1. Health & Lifestyle

Dehydrated Garlic; Gentler in Smell but Stronger in Taste

Chander Mohan
Chander Mohan

Garlic is the main ingredient used in cooking but there are many people who do not like the smell of garlic. The smell of garlic increases the taste of the recipe. It not only has cosmetic value but is very beneficial for human health. Many medicinal manufacturers produce capsules which offer health benefit and are without smell. 

In view of its pungent smell, there is a story that Garlic can make the vampires run away. But I think it’s a metaphor; a tale started to make us eat this pungent but very healthy herb because garlic can actually defend against various health problems, including cancer. And unlike the vampire stories health benefits of garlic have scientific proof. 

The best part is roasted, crushed, chopped, minced, halved, or whole garlic in food can make the taste literally go from flat to fab. Garlic is low in calories and rich in vitamin C, vitamin B6 and manganese. It also contains trace amounts of various other nutrients.  

The ancient Greek physician Hippocrates, often called the father of Western medicine. He actually used to prescribe garlic to treat a variety of medical conditions.  Modern science has recently confirmed many of these beneficial health effects. 

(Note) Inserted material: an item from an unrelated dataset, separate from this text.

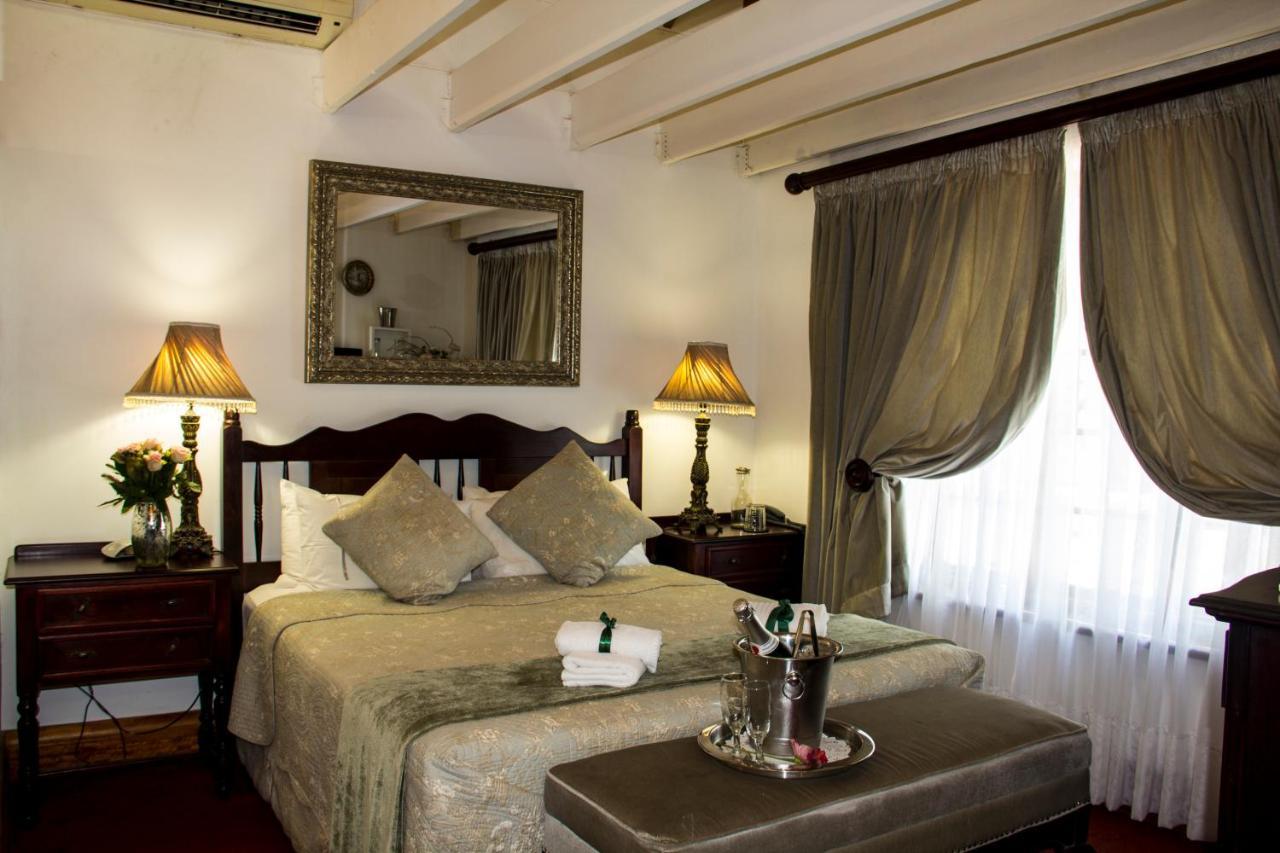 Aristo Manor Hotel Richards Bay Exterior photo
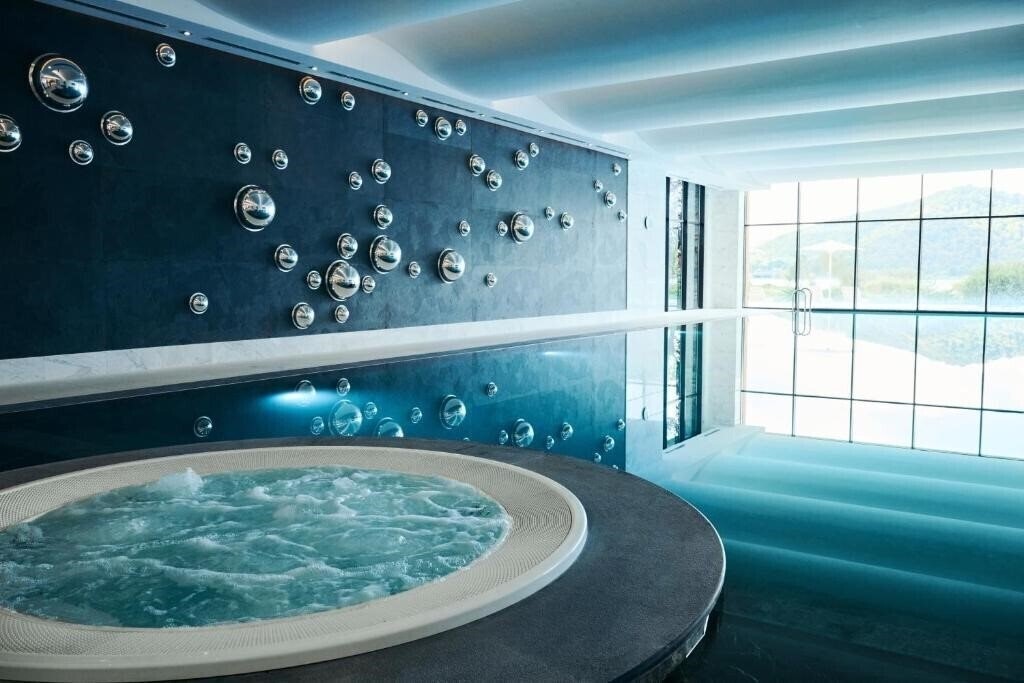 Панорама Chenot Palace Health Wellness Hotel 5*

Here are some health benefits of garlic that are supported by human research. 

It contains sulfur compounds, which are believed to bring some of the health benefits. Calorie for calorie, garlic is incredibly nutritious. 

A 1-ounce (28-gram) serving of garlic contains: 

  • Manganese: 23% of the RDA 

  • Vitamin B6: 17% of the RDA 

  • Vitamin C: 15% of the RDA 

  • Selenium: 6% of the RDA 

  • Fiber: 0.6 grams 

  • Decent amounts of calcium, copper, potassium, phosphorus, iron and vitamin B1 

Garlic also contains trace amounts of various other nutrients.  

An Italian company came out with a solution to promote one’s garlic. This is what the Tabanelli Luciana Company came up with. Starting with the fresh produce and then dehydrating it, the company is about to market 50-100gr packages of dehydrated garlic. They will be available from halfway through January 2019. 

Diego Capellini explains, “We farm 3 hectares with garlic, yet the price is not always that good. We found out that we are the most affected by this as we stand at the top of the supply chain (this occurs with regard to every agricultural sector). Therefore, we decided to dehydrate our garlic in order to solve this situation. We can already rely on a wholesaler who is super happy about this product and he is really looking forward to marketing it." 

The precise processes that the company’s garlic undergoes are a secret, but Capellini reveals that “we follow a three-phase process: calibration of our fresh product, ginning and peeling. After that, the little slice of garlic is chopped and then put in the dehydrator with a perfect balance of temperature, humidity and air circulation." 

The garlic comes out dehydrated, yet not dry. Thus, it can keep its positive characteristics while getting rid of all those things that people do not appreciate much, specially its strong smell. 

Capellini said, “We finished the testing phase and it was a success. We will propose 50-100 gr packages. Also, we conducted some more tests and the customers really appreciated this product, to the point that they asked for more! If the package stays close, the product can last up to 12 months; on the other hand, if it is opened, it can last up to 6 months”.